Nel consentire la sanatoria di ampliamenti e realizzazioni di nuove costruzioni, si prevede un limite di volumetria «per singola richiesta di titolo abilitativo in sanatoria» (comma 25) e per le più disparate tipologie di abusi, compresi quelli commessi non solo in assenza di titolo ma anche in violazione delle norme e delle prescrizioni degli strumenti urbanistici (comma 26 e all. 1).
Inoltre, è espressamente prevista una ipotesi di silenzio-assenso sulle domande presentate nei termini di legge (comma 37).
Insomma, non è revocabile in dubbio l’ampiezza degli effetti sul territorio di una tale regolamentazione che incide sulla complessiva politica programmatoria dell’ente locale.
Notevole è, ancora, e più in generale, che nel decreto vi sia una disciplina descrittiva assai dettagliata delle procedure per, la presentazione e per l’ottenimento della sanatoria.
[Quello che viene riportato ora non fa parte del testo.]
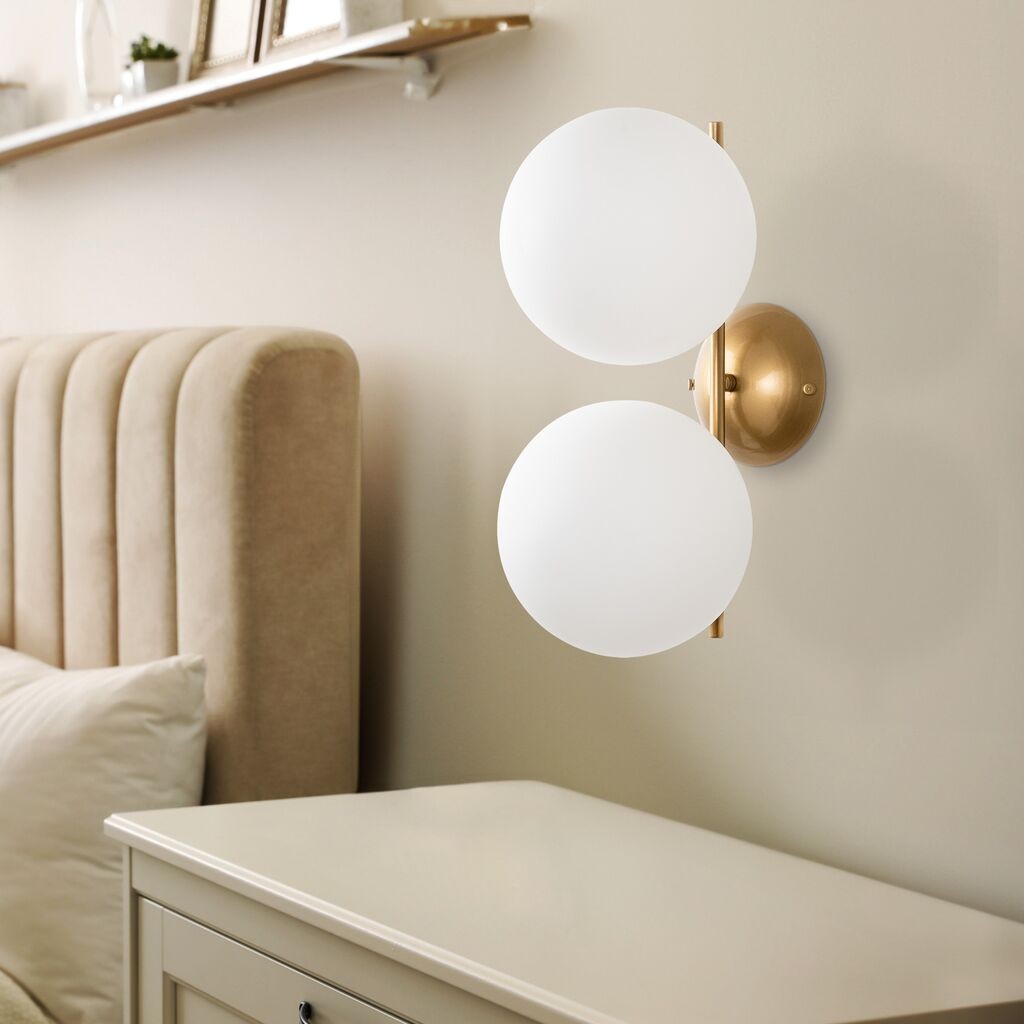 Opviq dzидна светилка Luminar-14151, 20x27x42cm, IP20, златна боја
Una regolamentazione così puntuale da non lasciare alcun margine di intervento, con la conseguenza che quanto previsto dal comma 2, in ordine all’affermato rispetto delle competenze delle autonomie locali sul governo del territorio, si configura come una mera clausola di stile.
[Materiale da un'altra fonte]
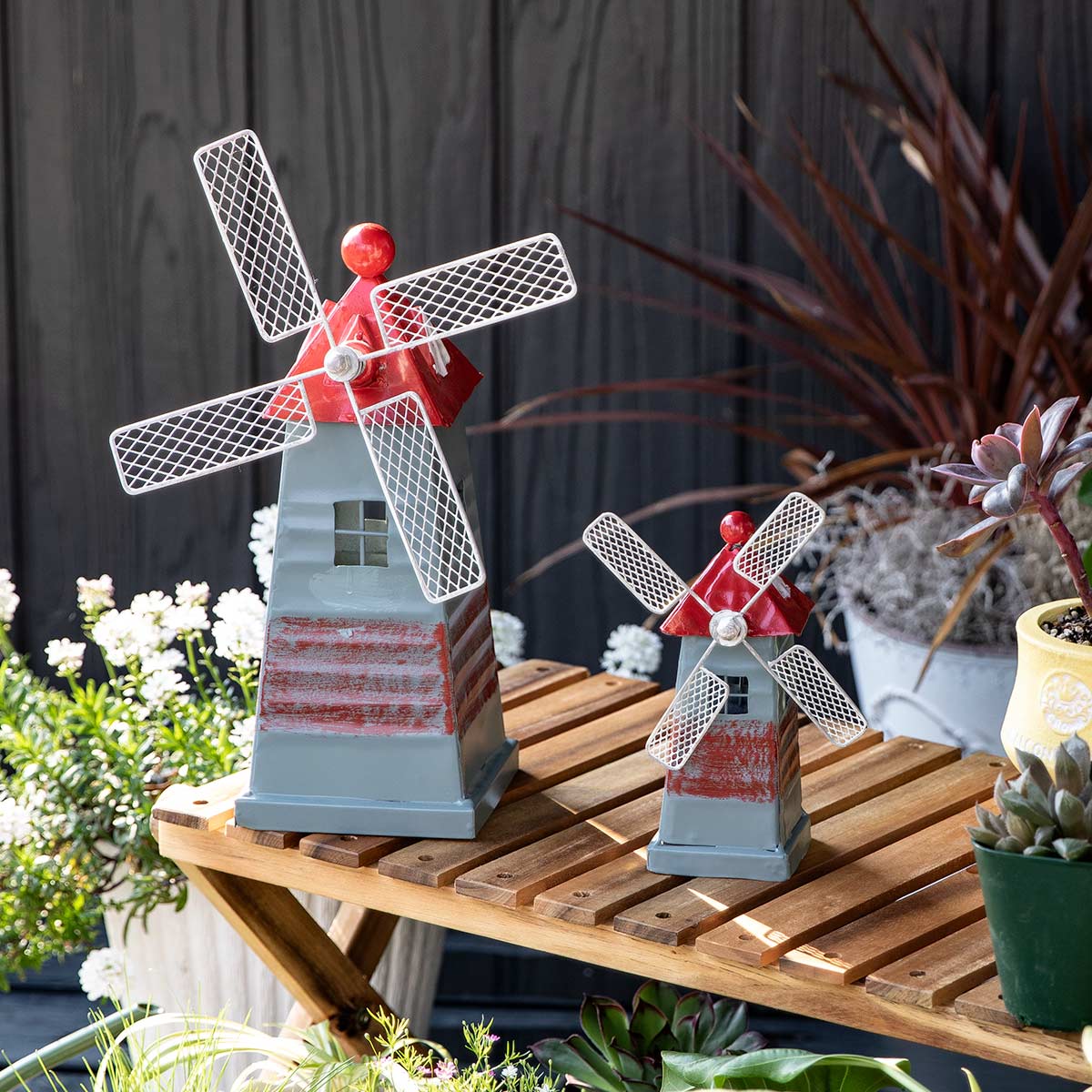オーナメント 風車 ムーラン S CC （ 置物 アイアン 鉄 飾り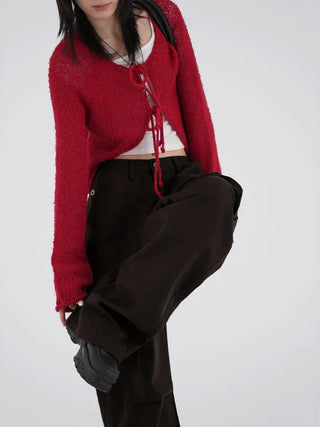 Kai boatneck slit T-shirt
Un siffatto intervento del Governo, sia per lo strumento normativo adottato, sia per la portata e i contenuti della previsione, e quindi le reali finalità che persegue, lede in modo grave l’autonomia regionale concretando una serie di servizi di legittimità costituzionale che inducono alla proposizione del presente ricorso per i seguenti.
MOTIVI
1. – Violazione degli art. 114 e 117 della costituzione.
Lesione della sfera di competenza delle regioni. Violazione del principio di leale cooperazione.
In via preliminare occorre precisare che questa difesa è confortata, nella prospettazione dei vizi avverso l’atto impugnato, dalle sentenze emesse da codesta ecc.ma Corte costituzionale in relazione alle precedenti esperienze normative di condono edilizio (legge n. 47/1985 e art. 39 legge n. 724/194). Difatti, sono proprio le argomentazioni che la Corte ha posto a fondamento di dette pronunce a fornire il più valido dei supporti per sostenere che l’intervento statale impugnato è affetto da insanabili vizi di costituzionalità.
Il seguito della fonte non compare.